> _ASSIGNMENT_
Excluding pictures, give the entries again exactly as they appear.

> _MATERIAL PROVIDED_

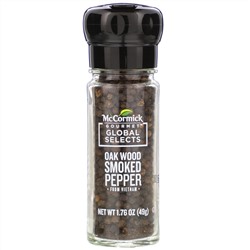 McCormick Gourmet Global Selects, Oak Wood Smoked Pepper From Vietnam,  1.76 oz (49 g)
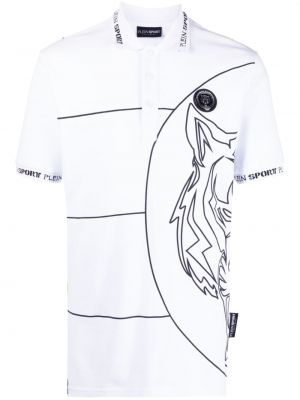 Polo krekls ar apdruku ar tīģera rakstu Plein Sport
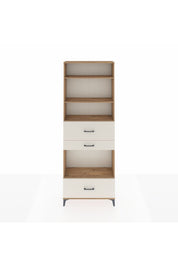 Arges Dolap 4 Raflı 3 Çekmeceli 88x30x243 - S33M174V7A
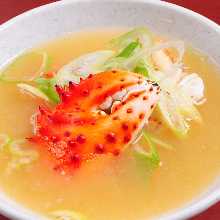 Crab miso soup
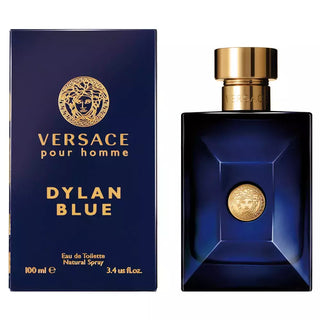 Dylan Blue Pour Homme Versace Eau de Toilette - Perfume Masculino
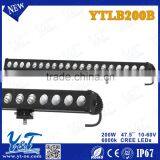 200watt Singl Row Led Light Bar 17000lm Ip67 12v Waterproof Led Light Bar Led Light Offroad Orange Color thumbnail-3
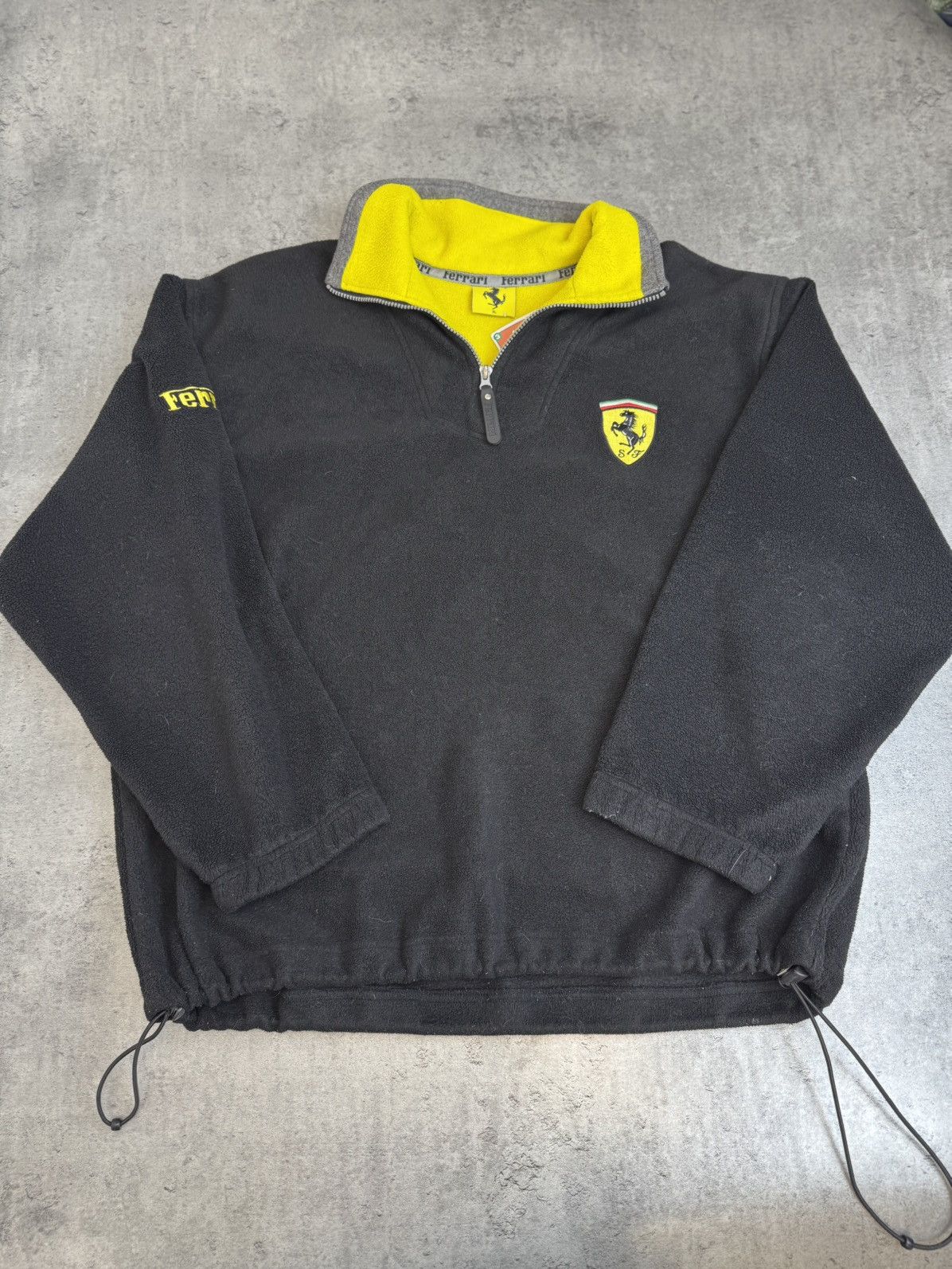 Ferrari 1997 Ferrari Fleece Racing Polar Pullover Vintage 90s F1 Size US XL / EU 56 / 4 - 1 Thumbnail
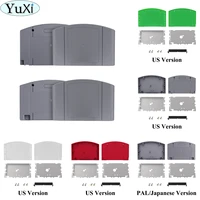 yuxi 1set replacement game card shell for n64 game cartridge cover plastic case us eu version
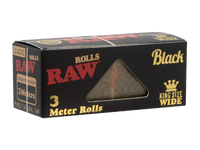RAW Black Classic King Size 3 Meter Rolling Papers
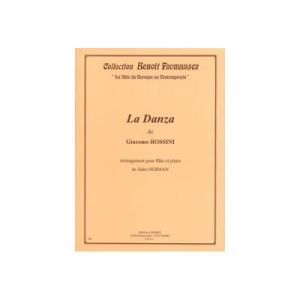 Partitions Classique Combre Rossini Gioacchino - La Danza - Flute Et Piano Flûte Traversière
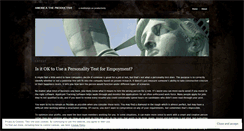 Desktop Screenshot of productivecompany.wordpress.com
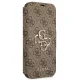 Guess 4G Big Metal Logo Folio Case for iPhone 13 Pro Max, Brown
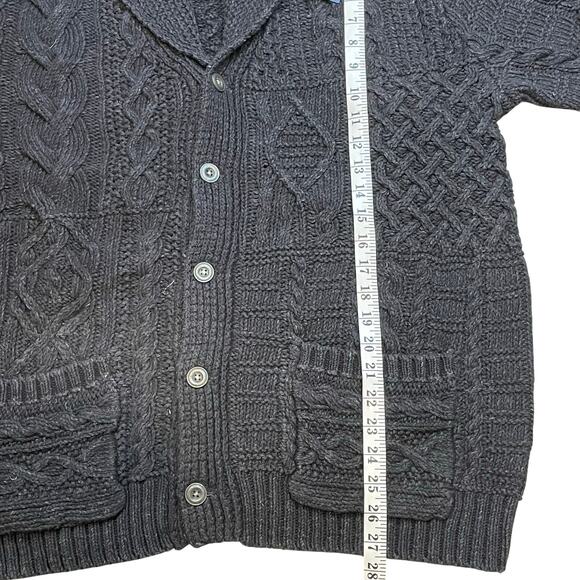 Ralph Lauren Mens Cardigan XL Cable Knit Designer Luxury Chunky Preppy Gift - Picture 7 of 8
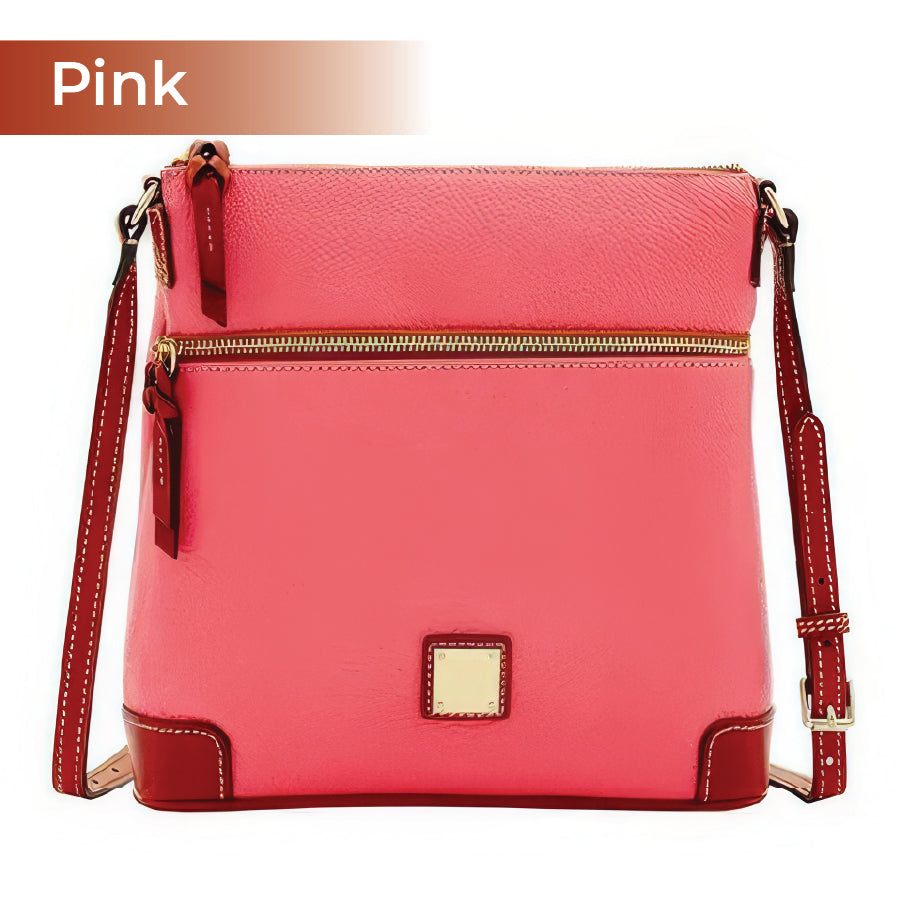 Women’s Retro Pebble Leather Crossbody Bag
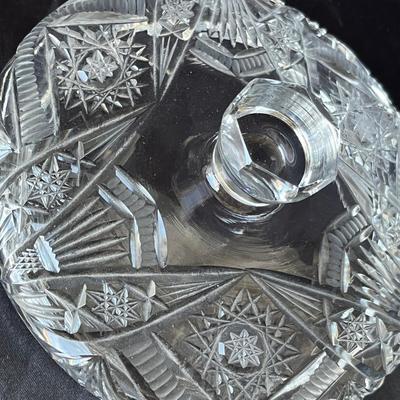 Lot 42 Cut Glass bisquit jar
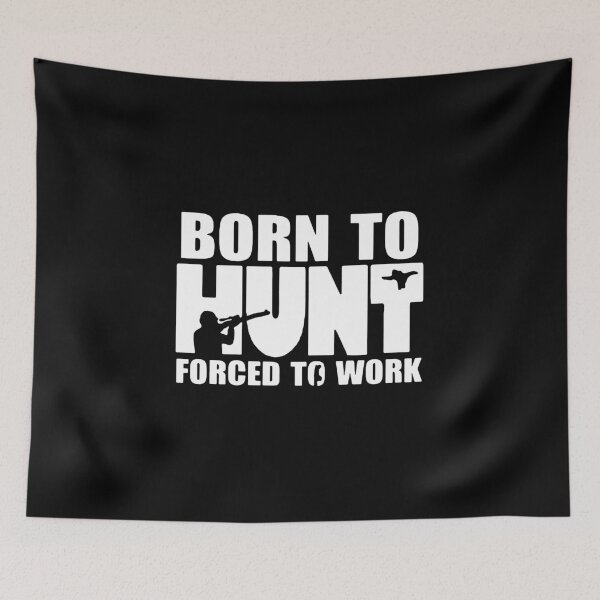Item preview, Loving Hunting Born To Hunt Forced to Work Evolution of Hunter Only Talent Hunting Funny Hunt Gift Premium Apparel Funny Holiday Xmas designed and sold by DesignByHeartUK.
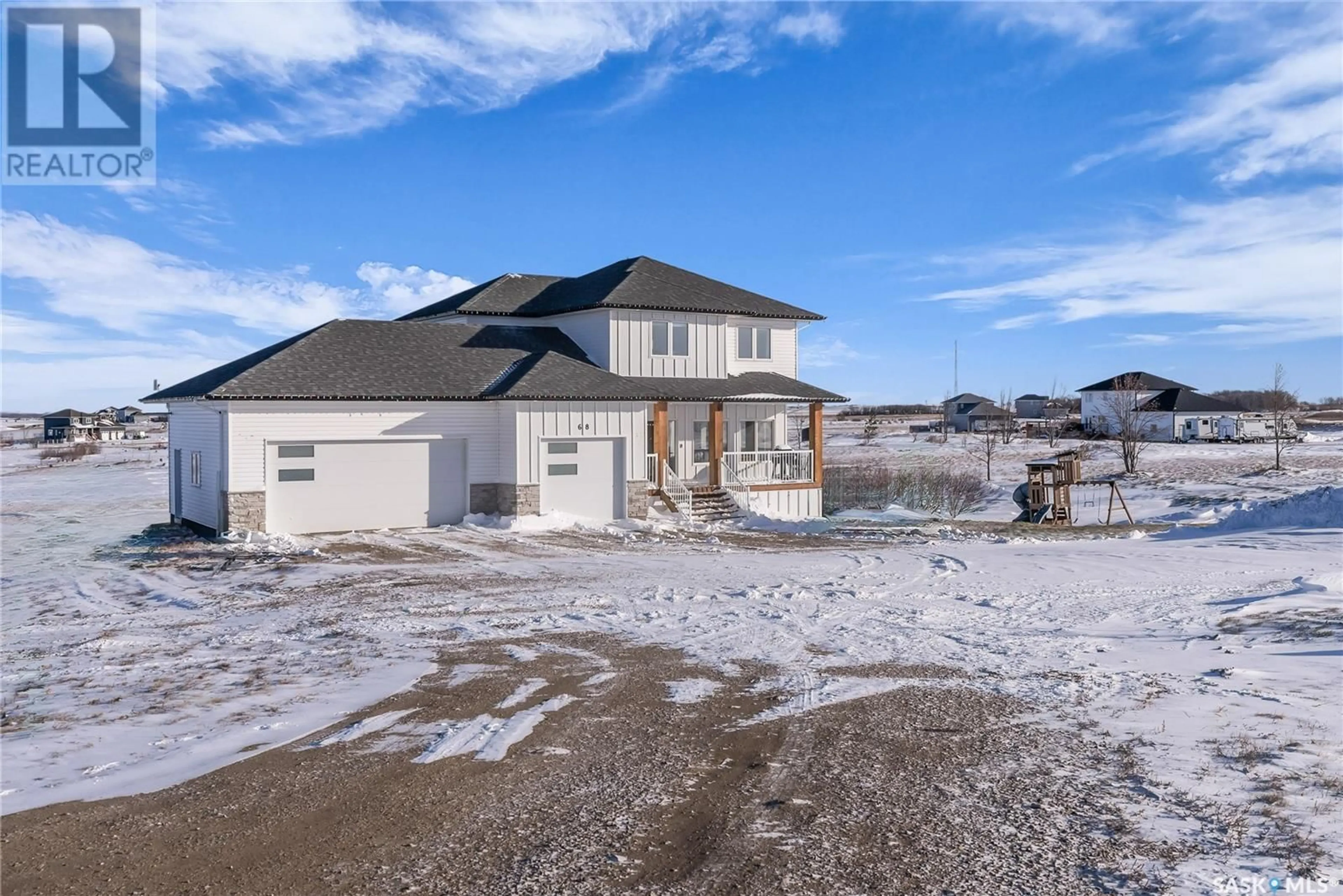 Frontside or backside of a home, the street view for 68 Meadowlark CRESCENT, Blucher Rm No. 343 Saskatchewan S7B0A5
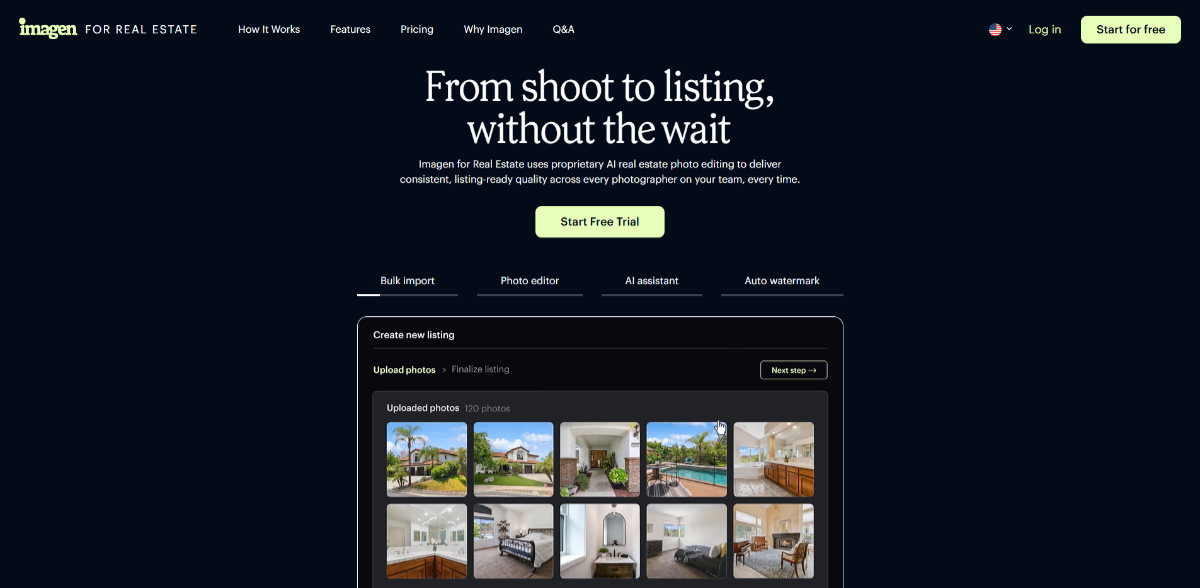 AI Real Estate Photo Editing Imagen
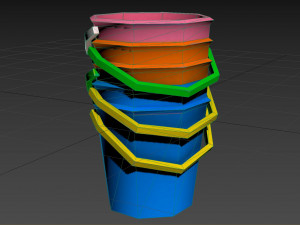 bucket and spade 01 Model 3D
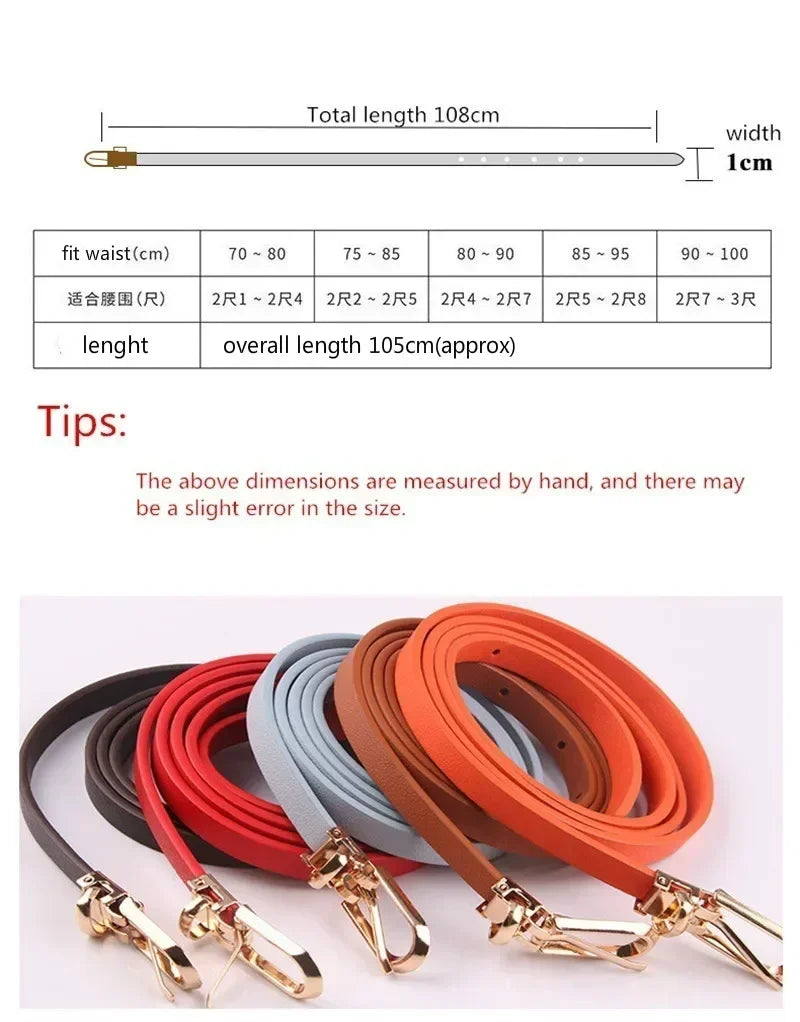 Stretch  Belt Women Fashion Waist Belt Thin Buckle Waistband for Fashion Ladies Belt Dress Apparel Accessories New Style 2023-belleandkai.com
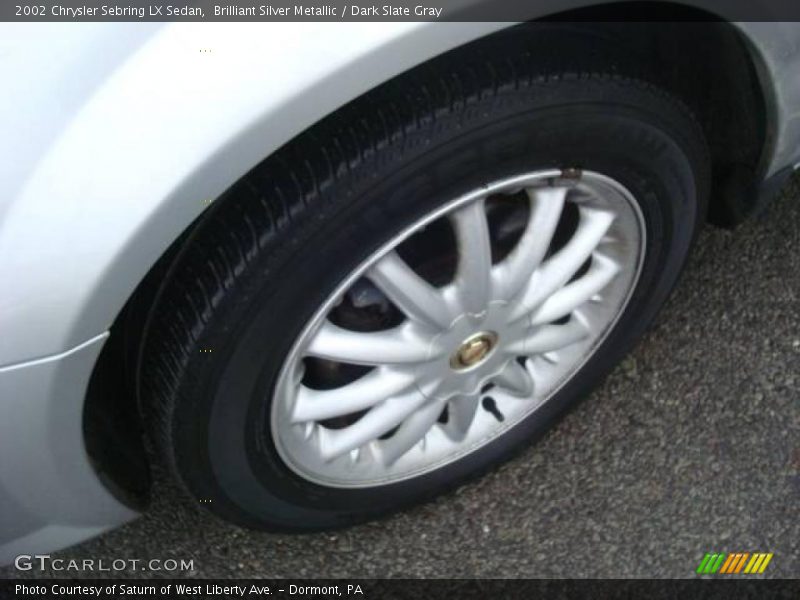 Brilliant Silver Metallic / Dark Slate Gray 2002 Chrysler Sebring LX Sedan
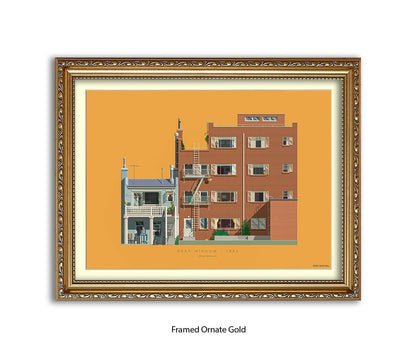 Rear Window - Hitchcock - Fred Birchal Art Print
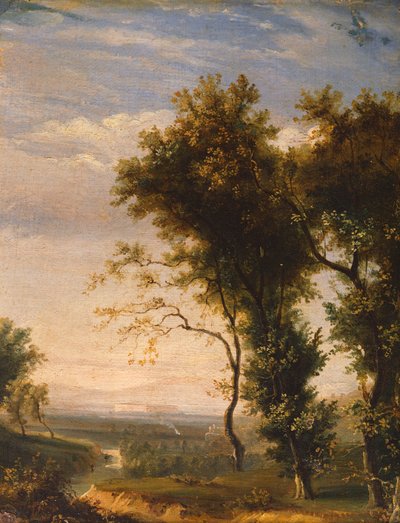 Caserta Park (olej na płótnie) autorstwa Gabriele Smargiassi
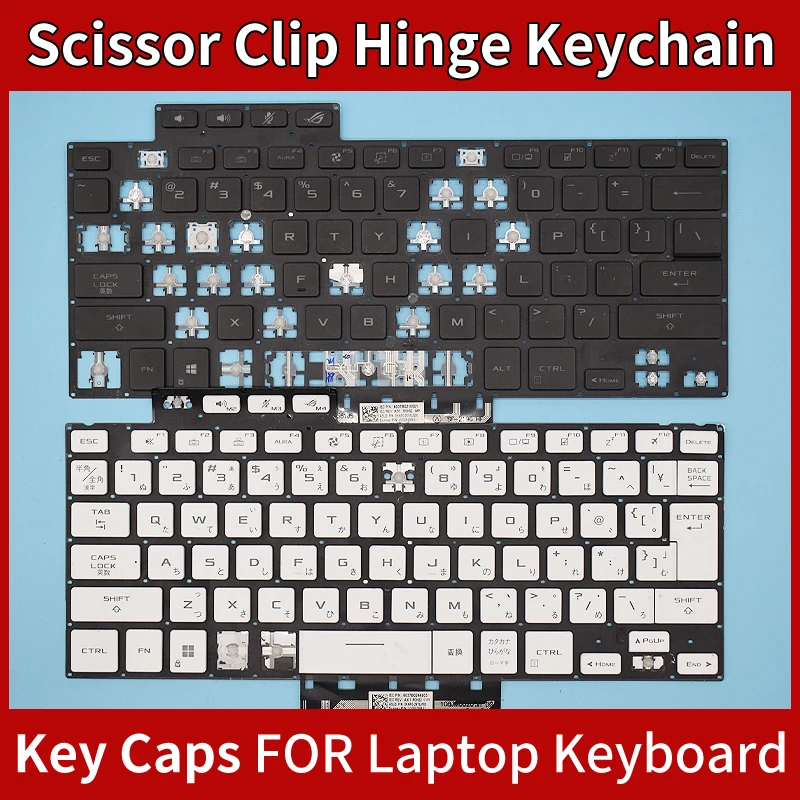 استبدال Keycap مفتاح المفصلي ل ASUS ROG Zephyrus G16 (2024) G14 GA403U GA605 GA605WV لوحة مفاتيح الكمبيوتر المحمول مفتاح ومقاطع KeyCap المفصلي #4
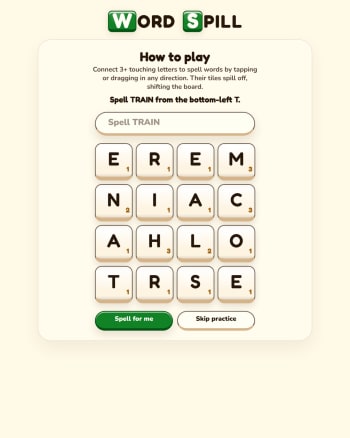 Word Spill screenshot
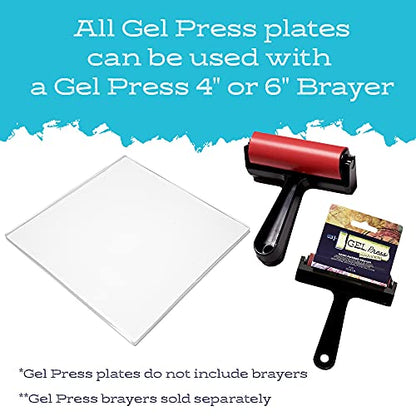 Gel Press 10803 Monoprinting Plate, 12" x 12" - size: 12" x 12"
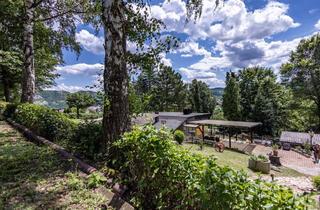 Haus kaufen in 07768 Kahla, IDYLLISCHE OASE AM HANG MIT BLICK AUF DIE LEUCHTENBURG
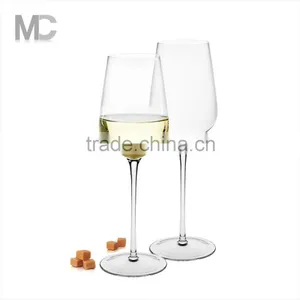 High Quality Cheap Handmade Long Stem Clear Crystal Wine Glass thumbnail-1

> _ANSWER SECTION_
 McCormick Gourmet Global Selects, Oak Wood Smoked Pepper From Vietnam,  1.76 oz (49 g)
 Polo krekls ar apdruku ar tīģera rakstu Plein Sport
 Arges Dolap 4 Raflı 3 Çekmeceli 88x30x243 - S33M174V7A
 Crab miso soup
 Dylan Blue Pour Homme Versace Eau de Toilette - Perfume Masculino
 200watt Singl Row Led Light Bar 17000lm Ip67 12v Waterproof Led Light Bar Led Light Offroad Orange Color thumbnail-3
 Ferrari 1997 Ferrari Fleece Racing Polar Pullover Vintage 90s F1 Size US XL / EU 56 / 4 - 1 Thumbnail
 yuxi 1set replacement game card shell for n64 game cartridge cover plastic case us eu version
RAW Black Classic King Size 3 Meter Rolling Papers
 Partitions Classique Combre Rossini Gioacchino - La Danza - Flute Et Piano Flûte Traversière
 Desktop Screenshot of productivecompany.wordpress.com
 Guess 4G Big Metal Logo Folio Case for iPhone 13 Pro Max, Brown
 Ralph Lauren Mens Cardigan XL Cable Knit Designer Luxury Chunky Preppy Gift - Picture 7 of 8
 Women’s Retro Pebble Leather Crossbody Bag
 Lot 42 Cut Glass bisquit jar
Item preview, Loving Hunting Born To Hunt Forced to Work Evolution of Hunter Only Talent Hunting Funny Hunt Gift Premium Apparel Funny Holiday Xmas designed and sold by DesignByHeartUK.
 Frontside or backside of a home, the street view for 68 Meadowlark CRESCENT, Blucher Rm No. 343 Saskatchewan S7B0A5
 AI Real Estate Photo Editing Imagen
 bucket and spade 01 Model 3D
 Stretch  Belt Women Fashion Waist Belt Thin Buckle Waistband for Fashion Ladies Belt Dress Apparel Accessories New Style 2023-belleandkai.com
 Brilliant Silver Metallic / Dark Slate Gray 2002 Chrysler Sebring LX Sedan
 Rear Window - Hitchcock - Fred Birchal Art Print
 Caserta Park (olej na płótnie) autorstwa Gabriele Smargiassi
 استبدال Keycap مفتاح المفصلي ل ASUS ROG Zephyrus G16 (2024) G14 GA403U GA605 GA605WV لوحة مفاتيح الكمبيوتر المحمول مفتاح ومقاطع KeyCap المفصلي #4
 Word Spill screenshot
 Gel Press 10803 Monoprinting Plate, 12" x 12" - size: 12" x 12"
 Haus kaufen in 07768 Kahla, IDYLLISCHE OASE AM HANG MIT BLICK AUF DIE LEUCHTENBURG
 High Quality Cheap Handmade Long Stem Clear Crystal Wine Glass thumbnail-1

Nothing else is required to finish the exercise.